# Quintas solar energy fund



## amax (31 Aug 2008)

Dear all,
I am giving serious thought to putting something into the Quintas solar energy fund - [broken link removed]. Has anyone else been looking at this or think its a wise decision?-


----------



## ClubMan (1 Sep 2008)

Why this specific fund? Do you have a well balanced portfolio already that you can afford to invest what looks like such a high risk/reward fund?


----------



## Galway5 (3 Sep 2008)

It seems like a very long term investment - 35 years? Is there a planned, viable exit strategy prior to this? That would be my concern.


----------



## Markjbloggs (3 Sep 2008)

I know it's a long term investment, but you do need to be mindful of the recent cuts in grants for solar power projects in Spain, not to mention the drop in the price of oil.


----------



## agencydude (3 Sep 2008)

Hi
 I heard a bit about this fund.
Quintas say that the spanish government will pay for solar energy at a guaranteed   rate for the next 35 yrs or so. 
There was some law passed called the 'Royal decree 661' which guarantees that the government will buy energy from solar farms.

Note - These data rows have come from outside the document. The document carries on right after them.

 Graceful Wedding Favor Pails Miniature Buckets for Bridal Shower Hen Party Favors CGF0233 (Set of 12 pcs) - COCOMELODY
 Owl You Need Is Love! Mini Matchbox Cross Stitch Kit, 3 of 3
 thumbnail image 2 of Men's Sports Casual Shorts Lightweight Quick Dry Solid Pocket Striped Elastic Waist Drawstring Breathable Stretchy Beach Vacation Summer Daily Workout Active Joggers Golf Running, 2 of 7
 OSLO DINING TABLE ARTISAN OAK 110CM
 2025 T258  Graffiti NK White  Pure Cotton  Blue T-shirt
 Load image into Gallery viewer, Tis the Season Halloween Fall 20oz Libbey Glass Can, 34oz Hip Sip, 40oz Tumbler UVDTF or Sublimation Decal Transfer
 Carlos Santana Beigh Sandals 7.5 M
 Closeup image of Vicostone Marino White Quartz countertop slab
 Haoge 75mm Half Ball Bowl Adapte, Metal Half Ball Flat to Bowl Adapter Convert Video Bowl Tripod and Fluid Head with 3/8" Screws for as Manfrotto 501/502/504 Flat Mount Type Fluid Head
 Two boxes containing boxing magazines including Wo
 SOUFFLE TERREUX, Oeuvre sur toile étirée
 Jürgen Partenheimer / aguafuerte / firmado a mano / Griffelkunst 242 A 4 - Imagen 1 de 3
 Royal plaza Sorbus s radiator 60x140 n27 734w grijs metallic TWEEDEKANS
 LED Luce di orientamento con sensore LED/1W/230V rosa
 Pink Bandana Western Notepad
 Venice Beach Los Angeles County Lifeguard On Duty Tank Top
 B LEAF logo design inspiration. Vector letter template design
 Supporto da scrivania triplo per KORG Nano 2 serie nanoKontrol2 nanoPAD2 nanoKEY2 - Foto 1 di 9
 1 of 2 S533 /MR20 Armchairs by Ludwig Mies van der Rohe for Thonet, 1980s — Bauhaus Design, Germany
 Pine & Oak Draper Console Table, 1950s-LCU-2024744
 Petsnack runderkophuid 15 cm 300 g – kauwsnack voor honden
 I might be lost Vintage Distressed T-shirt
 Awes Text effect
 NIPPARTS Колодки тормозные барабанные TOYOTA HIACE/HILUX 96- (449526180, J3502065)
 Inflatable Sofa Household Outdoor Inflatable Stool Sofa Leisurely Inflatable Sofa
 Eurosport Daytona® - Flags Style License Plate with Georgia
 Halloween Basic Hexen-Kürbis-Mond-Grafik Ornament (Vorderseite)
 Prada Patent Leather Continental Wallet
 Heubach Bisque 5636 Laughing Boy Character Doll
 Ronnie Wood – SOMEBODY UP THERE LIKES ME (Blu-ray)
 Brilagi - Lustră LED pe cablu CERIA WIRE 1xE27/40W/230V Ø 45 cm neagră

 They say their solar farm is already connected to the grid.

Its hard to identify what they risks are. Maybe climate change will affect the amount of sunshine in spain.

I suppose the length of the investment -35 yrs is an issue.
You also have to wait 12-13 yrs before you get back any return.

I'd be curious to know how it compares with other energy investment schemes.


----------



## ClubMan (3 Sep 2008)

agencydude said:


> Its hard to identify what they risks are.


Does the prospectus not outline these? Is the investment and any documentation related to it regulated in some way?


----------